The world’s first offshore fracking well could be drilled in the Irish Sea following planned exploration by a new British firm.
The founder of UK shale gas company Cuadrilla, Dr Chris Cornelius, has revealed plans to establish the first offshore shale operation after his new firm, Nebula Resources, was awarded three provisional licenses by the government, according to the BBC.
Fracking techniques – which involve fracturing shale rocks with a high-pressure stream of water and chemicals – are already used to improve the flow of conventional offshore gas wells and to release gas deposits in onshore shale rock.
But until now the fracking of offshore shale deposits has largely been seen as uneconomic because of the cost of operating offshore and the relatively small size of shale reservoirs compared to conventional oil and gas deposits.
Prof Peter Styles, a geophysicist and fracking expert from Keele University, said there was no obvious technical reason why offshore fracking could not be done but that it would probably require substantial investment from major oil companies.
‘Technically I do not see any serious problems with doing it offshore,’ he told The Engineer. ‘There are vast reserves offshore. [But] I’m not saying it’s trivial and I’m not saying it’s cheap.’
Creating offshore shale wells would require a scaling-up of existing offshore fracking capabilities, he said. ‘You would have several fracking stages because you’re not just in a reservoir – all of [the rock] is the reservoir.’
But, he added, it may be possible to perform part of the operation onshore, reducing its complexity and cost, plus UK industry had the advantage of years of experience operating offshore oil and gas facilities and a substantial amount of infrastructure for collecting and transporting the fuel.
However, Prof Richard Davies, director of Durham Energy Institute and leader of the European fracking research consortium ReFINE, said that offshore fracking may not be a high priority for the established oil industry.
‘The cost of an offshore well is dramatically higher than an onshore well and shale gas wells produce quite small volumes of gas,’ he told The Engineer. ‘The economics of drilling offshore when you’re likely to get less gas don’t stack up.
‘There are other sources of stranded gas [small, hard-to-reach deposits] that don’t require fracking that would probably be of equal or more importance than shale at this time.’
But, he added, understanding of Britain’s offshore geology was much greater than that of the onshore because of years of drilling and surveys.
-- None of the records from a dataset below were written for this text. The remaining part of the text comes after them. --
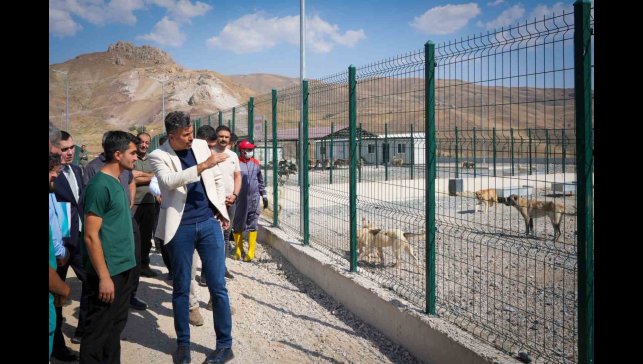 Vali Çelik: "Sokak hayvanları için güvenli, sağlıklı yaşam alanları oluşturuyoruz"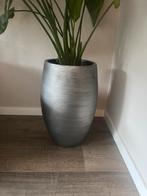 Grote plantenbak met gratis kamerplant (Heiloo), Huis en Inrichting, Kamerplanten, Ophalen of Verzenden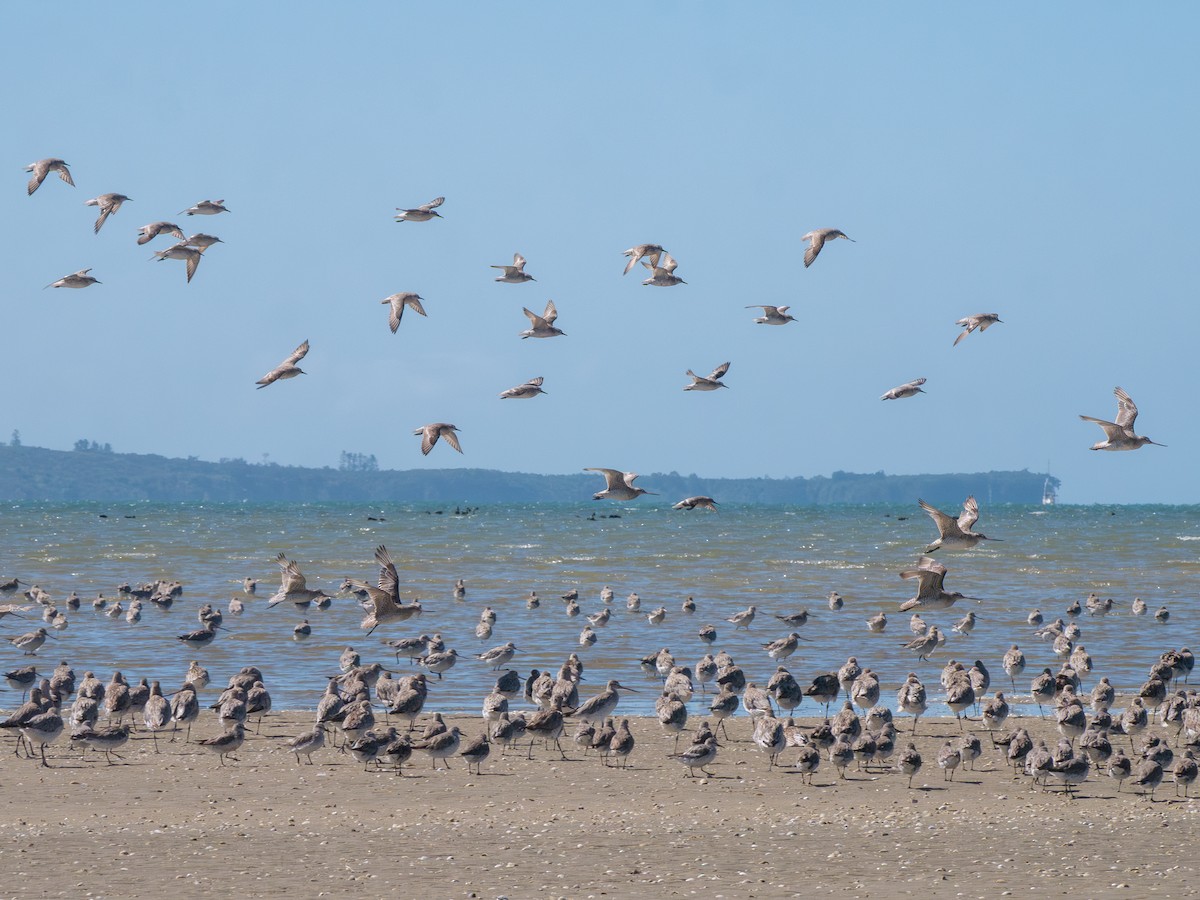 Шармаг элсэг - ML644537221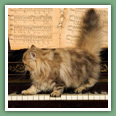 Persan - Chats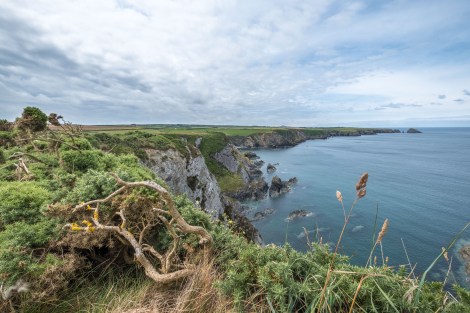 Sea views on the Pembrokeshire Coast Path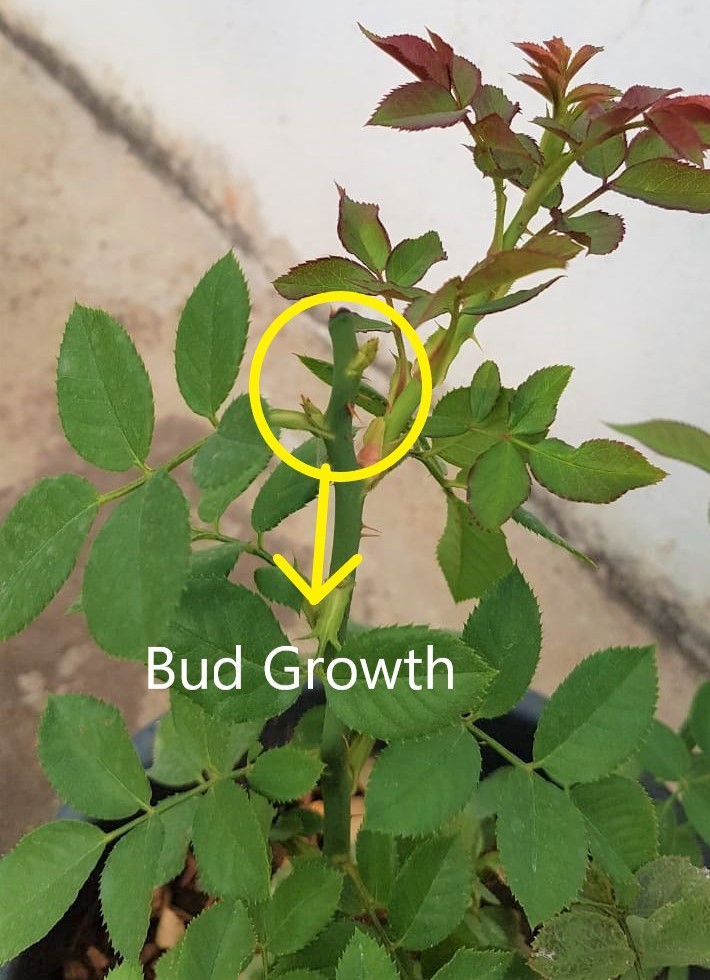 Everything there is to Growing Roses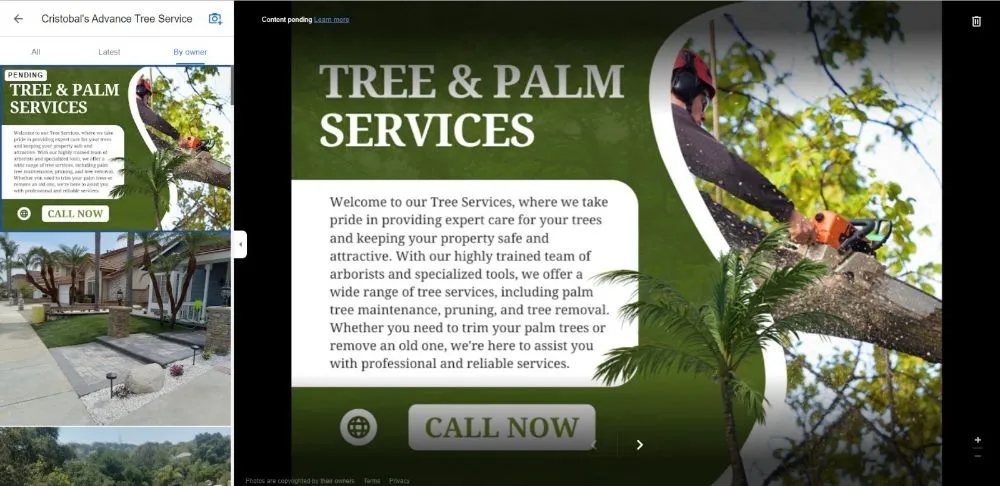 Local landscape design in Ontario, CA - Advance Trees Service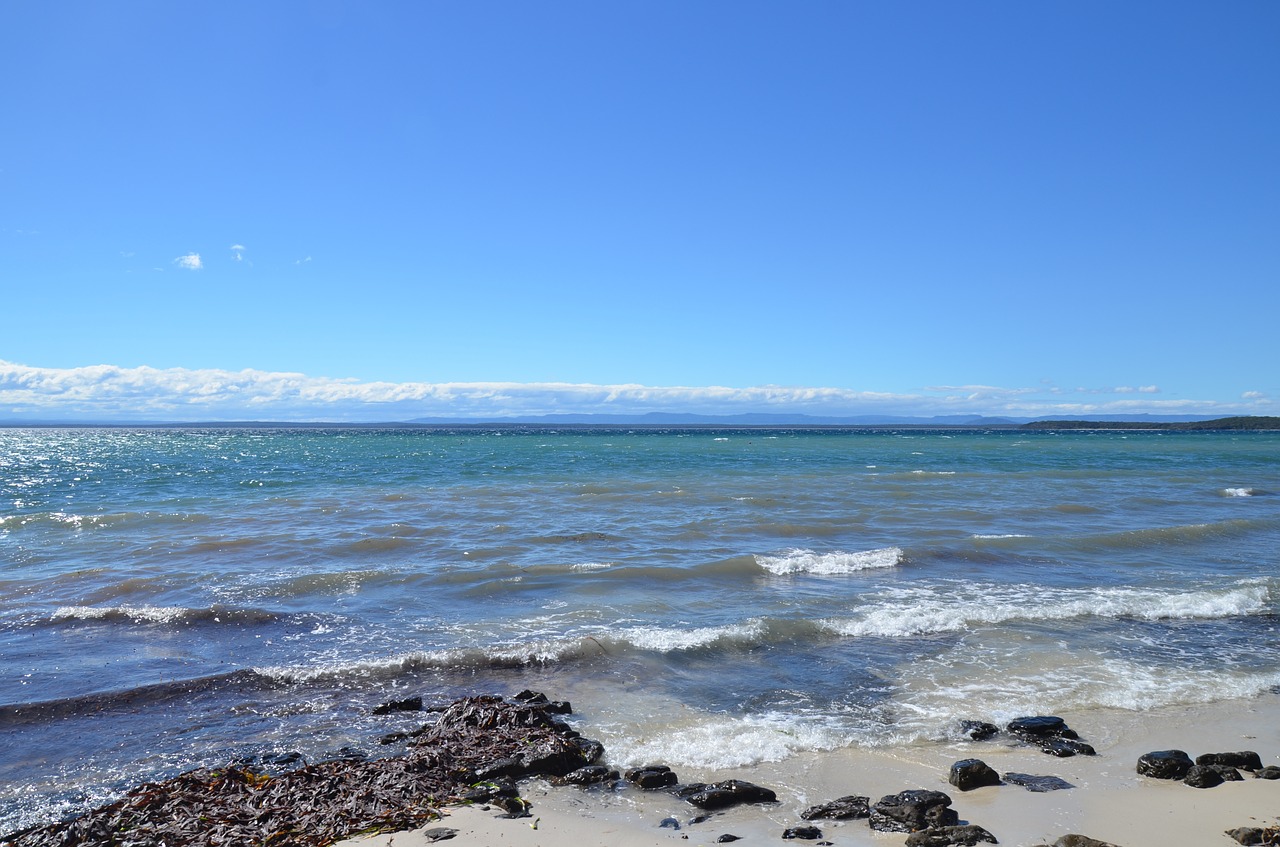 beach rocks sea free photo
Fracking far away from human settlement may also become more attractive to an industry that has received much opposition to its plans to drill for shale gas at onshore sites in the UK. BP, for example, recently ruled itself out of UK onshore fracking in the near future, expressing worries about becoming a target for protestors.
According the Department of Energy Climate Change (DECC), the licenses grant Nebula Resources exclusive rights to the designated areas for two years, but the firm has to prove it can raise the necessary financial resources before it is allowed to begin exploratory drilling.
Cornelius, whose previous company Cuadrilla is behind attempts to begin fracking operations in Lancashire, admitted it wasn’t clear that Britain’s offshore shale gas could be economically extracted.
‘Certainly offshore shale gas is a new concept, and there’s no reason with the UK’s history of offshore development that we can’t develop these resources offshore,’ he told the BBC.
‘We’re very comfortable that the resource is there and the numbers are absolutely ginormous. Is any of that exploitable? That’s the billion dollar question and we won’t know that for many years.’